うたかたの天使たち 第七話

まふゆのファンタジスタ
真冬の幻奏者

一子編

1

 ついに……この時がきたのだ。

 おれと一子ちゃんが結ばれる時が。

 おそろしいほどガードがゆるい割に、天然のディフェンス能力を持つ一子ちゃんとは、まだセックスをしたことがない。

 いっしょにおふろに入ったり、フェラしてもらったり、クンニしてあげたことはいっぱいあるのだが、一子ちゃんはそれをエッチだとイマイチ理解していなかったりするしなー。

 しかも、肝心なときになると妹たちの邪魔が入る。あいつら、結託してやがるからな。一子ちゃんをおれに取られまいとしているのだ。なにしろ、一子ちゃんは彼女らの母親がわりの存在だし。

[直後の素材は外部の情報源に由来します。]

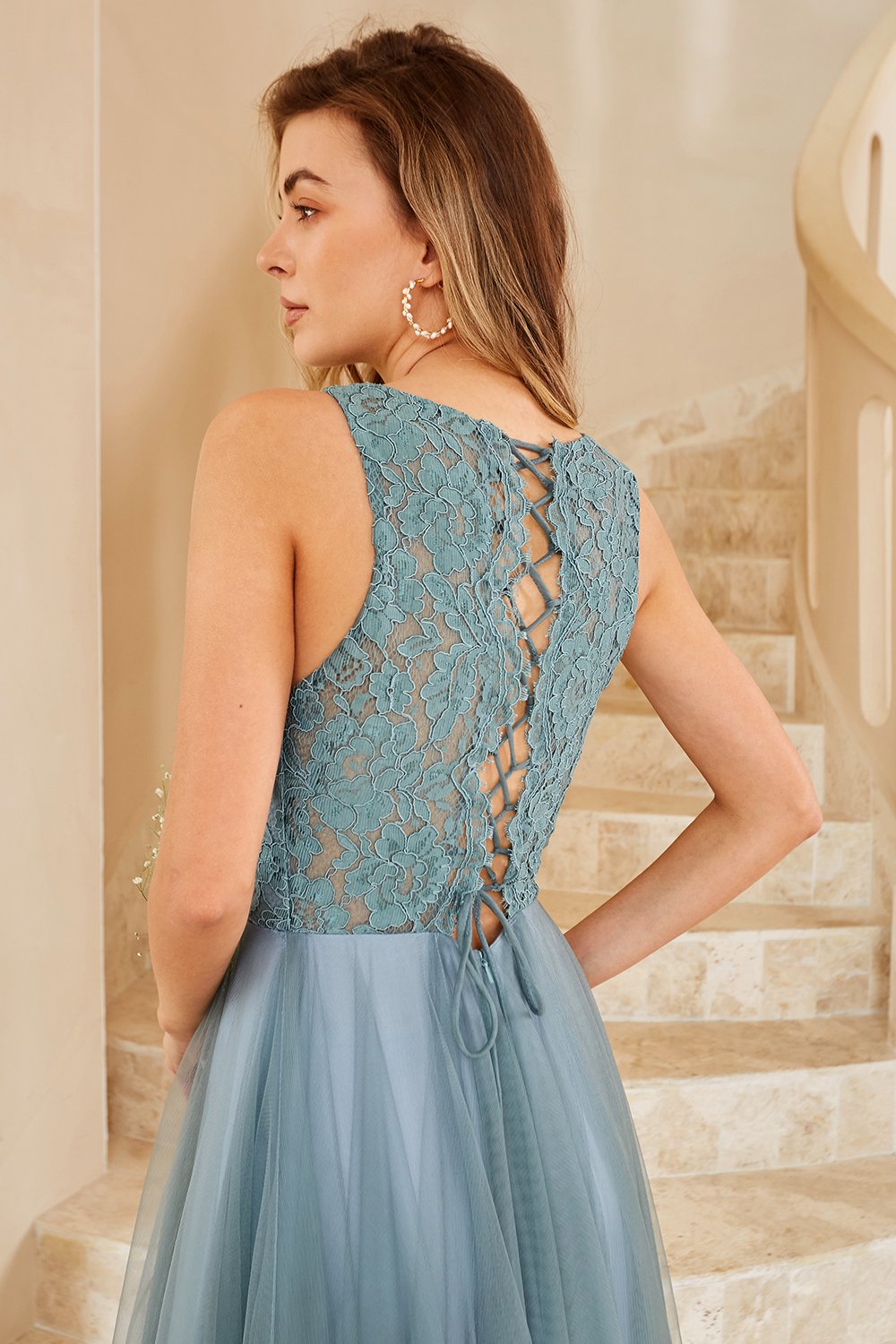 Robe de demoiselle d’honneur en tulle bleu gris avec dentelle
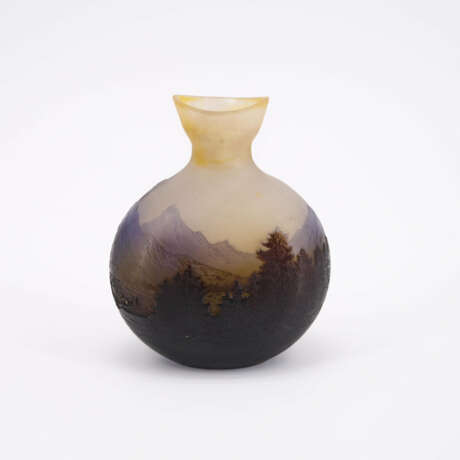 SMALL GLASS VASE WITH ALPINE LANDSCAPE - photo 3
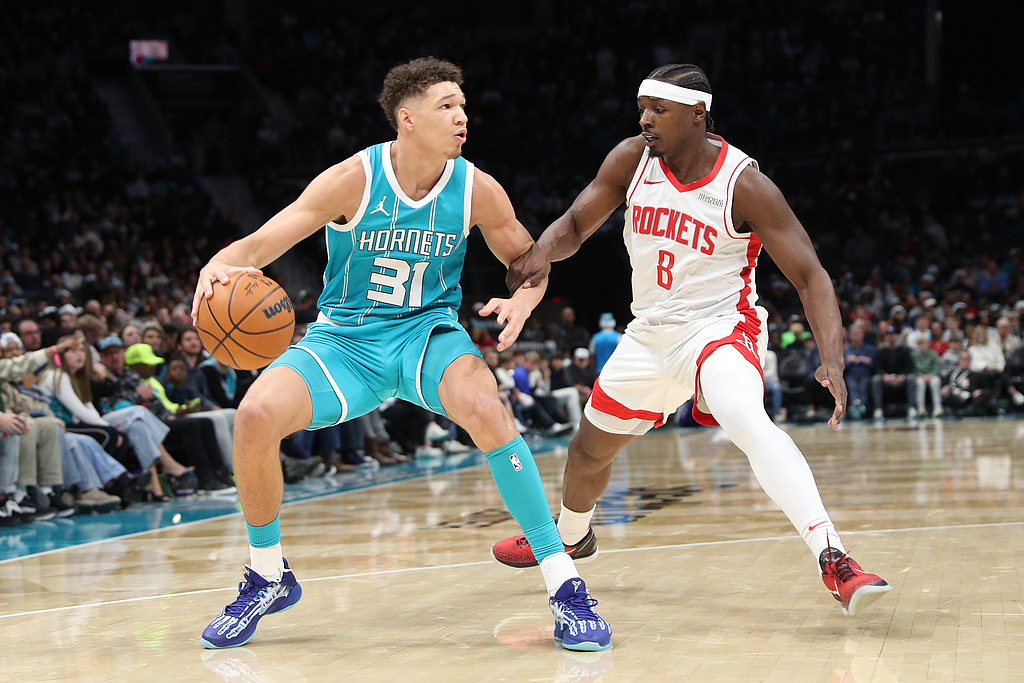 离谱！Uzi连续十五场比赛得分超过夺冠今夜多伦多猛龙备战社区盾，赛前手感冰凉引欢呼的简单介绍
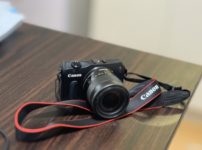 Canon EOS M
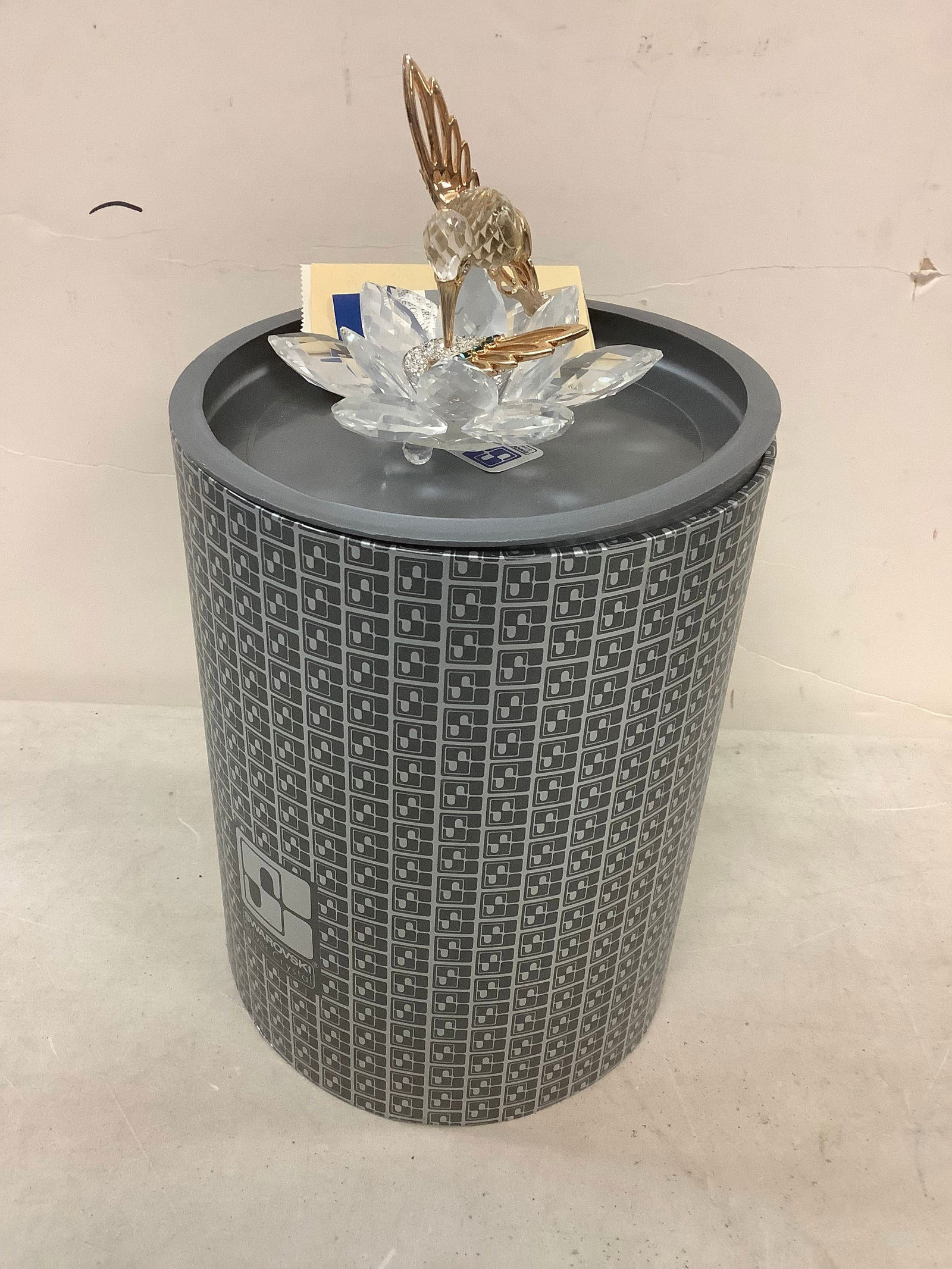 Swarovski crystal hummingbird wing is off 4in tall (1 of 1)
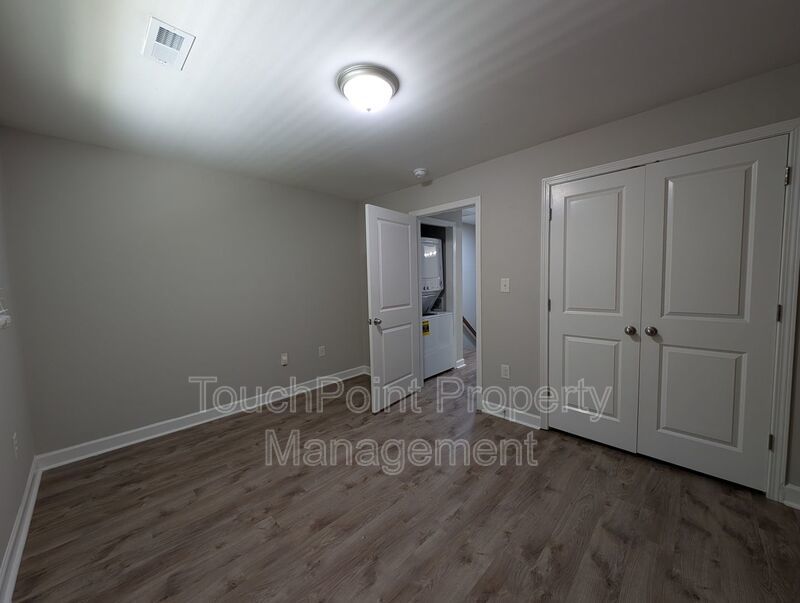 Cozy condo located in the Williamsburg on Commonwealth community minutes from Plaza Midwood! property image
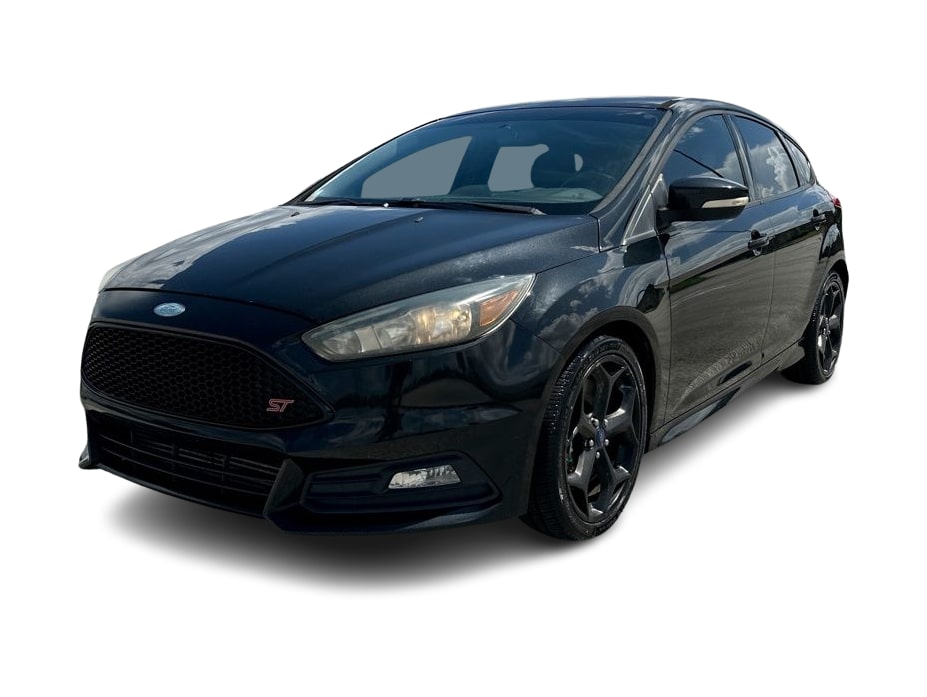 Thumbnail: 2015 Ford Focus - 19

 だがしかし、今回は温泉一泊旅行だ。お邪魔虫はいない。

 柔らかくてピチピチの一子ちゃんの身体にあんなことやこなんなことを……! ああ。もう、想像するだけで、カウパーでまくりだ。

 もう我慢しなくていいんだ。うれしい、うれしすぎる。

 よし、旅行の計画をたてるぞ。手コキで一発、フェラで一発、パイズリもいいなあ。そしてもちろんメインは、アソコ、だ。アナルは今回は封印かな。とにかく、一子ちゃんにとっては初体験なんだから、いい思い出にしてあげないとな。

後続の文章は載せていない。